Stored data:
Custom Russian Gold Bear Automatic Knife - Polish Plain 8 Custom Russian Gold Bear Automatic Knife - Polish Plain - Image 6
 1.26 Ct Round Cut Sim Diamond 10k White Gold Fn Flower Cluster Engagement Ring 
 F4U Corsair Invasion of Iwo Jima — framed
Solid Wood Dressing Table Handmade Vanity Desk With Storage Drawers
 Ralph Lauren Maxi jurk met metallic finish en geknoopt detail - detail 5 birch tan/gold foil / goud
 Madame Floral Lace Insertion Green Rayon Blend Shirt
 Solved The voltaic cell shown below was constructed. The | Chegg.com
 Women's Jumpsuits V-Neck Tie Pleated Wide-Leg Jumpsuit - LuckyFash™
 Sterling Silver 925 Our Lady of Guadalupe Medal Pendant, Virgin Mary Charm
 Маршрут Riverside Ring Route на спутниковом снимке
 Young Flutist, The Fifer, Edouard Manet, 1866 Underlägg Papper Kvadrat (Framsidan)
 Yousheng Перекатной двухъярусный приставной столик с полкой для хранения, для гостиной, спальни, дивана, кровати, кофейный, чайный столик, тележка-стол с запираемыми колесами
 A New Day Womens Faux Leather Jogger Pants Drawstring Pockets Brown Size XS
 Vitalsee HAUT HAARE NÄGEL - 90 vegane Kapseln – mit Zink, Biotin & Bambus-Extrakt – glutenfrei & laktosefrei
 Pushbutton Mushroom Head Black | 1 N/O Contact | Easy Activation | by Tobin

> **PROBLEM STATEMENT**:
Copy, without any change, the lines above from the one containing "Young Flutist, The" to the end, both ends included. Add nothing else.

> **SOLUTION BELOW**:
 Young Flutist, The Fifer, Edouard Manet, 1866 Underlägg Papper Kvadrat (Framsidan)
 Yousheng Перекатной двухъярусный приставной столик с полкой для хранения, для гостиной, спальни, дивана, кровати, кофейный, чайный столик, тележка-стол с запираемыми колесами
 A New Day Womens Faux Leather Jogger Pants Drawstring Pockets Brown Size XS
 Vitalsee HAUT HAARE NÄGEL - 90 vegane Kapseln – mit Zink, Biotin & Bambus-Extrakt – glutenfrei & laktosefrei
 Pushbutton Mushroom Head Black | 1 N/O Contact | Easy Activation | by Tobin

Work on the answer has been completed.